Not just music but art in general plays a key role in any movement. Political theory convinces the mind, but art moves the soul. And without that emotional appeal, no human being is ready to take part in any movement to change the world. So from Gorky to Faiz, art is integral to the movement for a new society. Laal is merely the continuation of this great tradition of progressive writers and artists.
Are you afraid of voicing your opinions against the system? What about the backlash, criticism or controversy?
Yes, we do. But then we overcome our fear by realising that if we do not raise our voice against tyranny, it will only get stronger. We have also discovered that one is most scared when one is silent. But when one raises one’s voice, the fear vanishes and courage takes its place. That’s what our songs are also about.

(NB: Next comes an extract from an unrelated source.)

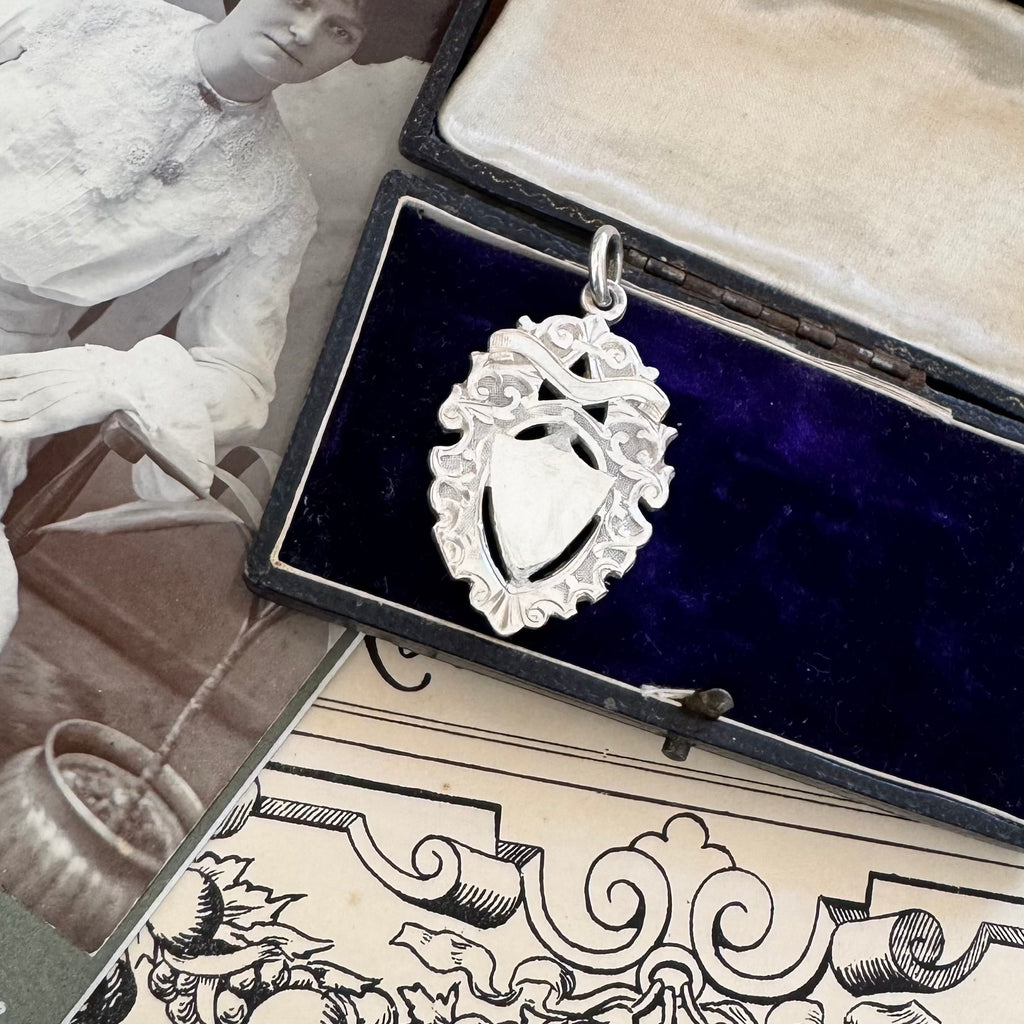 Antique silver watch fob pendant in an open jewelry box with a vintage-style illustration of a woman and decorative elements.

Tell us something about your new album? How similar or different is it from your first (Umeed-e-Sahar)?
Poetically, it relies more on Faiz than the last album (which was based more on Jalib). Thematically, it touches more deeply on the question of religious fundamentalism that is responsible for the death of over 37,000 Pakistanis. Musically, I think it is more rock-oriented than the last album. It has upbeat songs that are great fun to perform live.
Why did you decide to release your album in India?
Why not? Thanks to the Internet, we already have a big following in India; the progressive tradition is massive in India. Culturally, India and Pakistan have so many similarities. Pakistani music is loved and adored in India. I also want to show people in India the progressive aspects of Pakistani society. I want to introduce youngsters to the Pakistan of Faiz, Jalib and Baba Fareed. I want them to learn of the Pakistan of music, literature, poetry, dance, and the struggle for freedom. By doing so, I wish to break down negative stereotypes on both sides of the border.